SAMPLE_SUB_FILE = "sample_submission.csv"

#### Let's Use XGBosst on MLPipeline

*You can also use MLPipeline with XGBoost model, Make sure to install XGBooost depending upon your OS.*

*For example, Here we are using LogisticRegression from Scikit-Learn, on  [Kaggle TPS Challenge (Nov 2021) data](https://www.kaggle.com/c/tabular-playground-series-nov-2021/data)*

In [None]:
# Best way to install xgboost if you are on macosx and windows machine is using conda
# !conda install -c conda-forge xgboost

In [None]:
# set xgb_params
xgb_params = {
    'n_estimators': 1000,
    'learning_rate': 0.01,
    'max_depth': 9,
    'booster': 'gbtree',
    'eval_metric': 'auc',
#     'tree_method': 'gpu_hist',
#     'predictor': 'gpu_predictor',
    'use_label_encoder': False,
    'random_state': 42
}

In [None]:
from xgboost import XGBClassifier
# create xgb Classifier model
xgb_model = XGBClassifier(**xgb_params)

In [None]:
# createm ml pipeline for xgb model
xgb_ml_pl = MLPipeline().prepare_data_for_training(
    train_file_path= DIRECTORY_PATH + TRAIN_FILE,
    test_file_path= DIRECTORY_PATH + TEST_FILE,
    idx_col="id",
    target="target",
    model=xgb_model,
    random_state=42,
    valid_size=0.2)

In [None]:
# Quick check on dataframe shapes
print(f"X_train shape is {xgb_ml_pl.dataframeloader.X_train.shape}" )
print(f"X_valid shape is {xgb_ml_pl.dataframeloader.X_valid.shape}" )
print(f"y_train shape is {xgb_ml_pl.dataframeloader.y_train.shape}")
print(f"y_valid shape is {xgb_ml_pl.dataframeloader.y_valid.shape}")

In [None]:
# Fit & Predict
xgb_ml_pl.scikit_pipeline.fit(xgb_ml_pl.dataframeloader.X_train,
                              xgb_ml_pl.dataframeloader.y_train)
preds = xgb_ml_pl.scikit_pipeline.predict(xgb_ml_pl.dataframeloader.X_valid)
preds_probs = xgb_ml_pl.scikit_pipeline.predict_proba(xgb_ml_pl.dataframeloader.X_valid)[:, 1]

In [None]:
# quick check on predictions and predictions probabilities shape
print(f"preds shape is {preds.shape}" )
print(f"preds_probs shape is {preds_probs.shape}" )

In [None]:
# Metrics
auc = roc_auc_score(xgb_ml_pl.dataframeloader.y_valid, preds_probs)
acc = accuracy_score(xgb_ml_pl.dataframeloader.y_valid, preds)

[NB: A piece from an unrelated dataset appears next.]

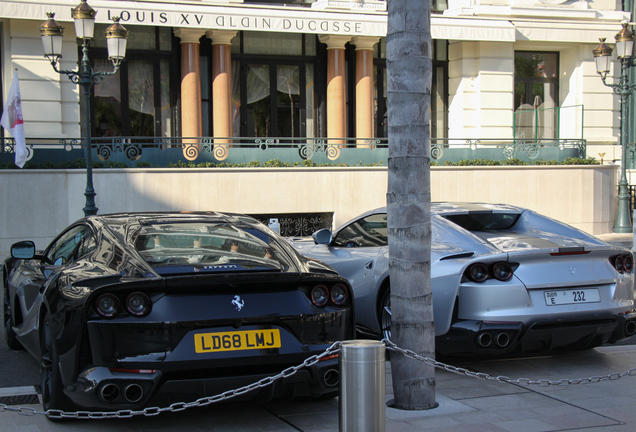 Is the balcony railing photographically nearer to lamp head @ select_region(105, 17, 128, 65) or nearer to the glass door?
the glass door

print(f"AUC is : {auc} while Accuracy is : {acc} ")

#### Let's do Cross Validation for XGB Model on our MLPipeline

In [None]:
# # createm ml pipeline for scikit-learn model
# xgb_ml_pl = MLPipeline().prepare_data_for_cv(train_file_path= "input/home_data/train.csv",
#                                              test_file_path= "input/home_data/test.csv",
#                                              idx_col="Id", target="SalePrice",
#                                              model=xgb_model,random_state=42,
#                                              cv_cols_type = "all") #cv_cols_type = all|num|cat
# # Now fit and predict
# scores = xgb_ml_pl.cross_validation(estimator=xgb_ml_pl.scikit_pipeline, cv=5,
#                                     scoring='neg_mean_absolute_error')
# print("scores:", scores)
# print("Average MAE score:", scores.mean())

In [None]:
# # hide
# # run the script to build 

# from nbdev.export import notebook2script; notebook2script()

#### Create Kaggle Predictions

In [None]:
test_preds_probs = sci_ml_pl.scikit_pipeline.predict_proba(sci_ml_pl.dataframeloader.X_test)[:,1]
print(f"X_train shape is {sci_ml_pl.dataframeloader.X_test.shape}" )
print(f"test_preds_probs shape is {test_preds_probs.shape}" )

In [None]:
sub = pd.read_csv(DIRECTORY_PATH + SAMPLE_SUB_FILE)
sub['target'] = test_preds_probs
sub.to_csv('submission.csv', index=False)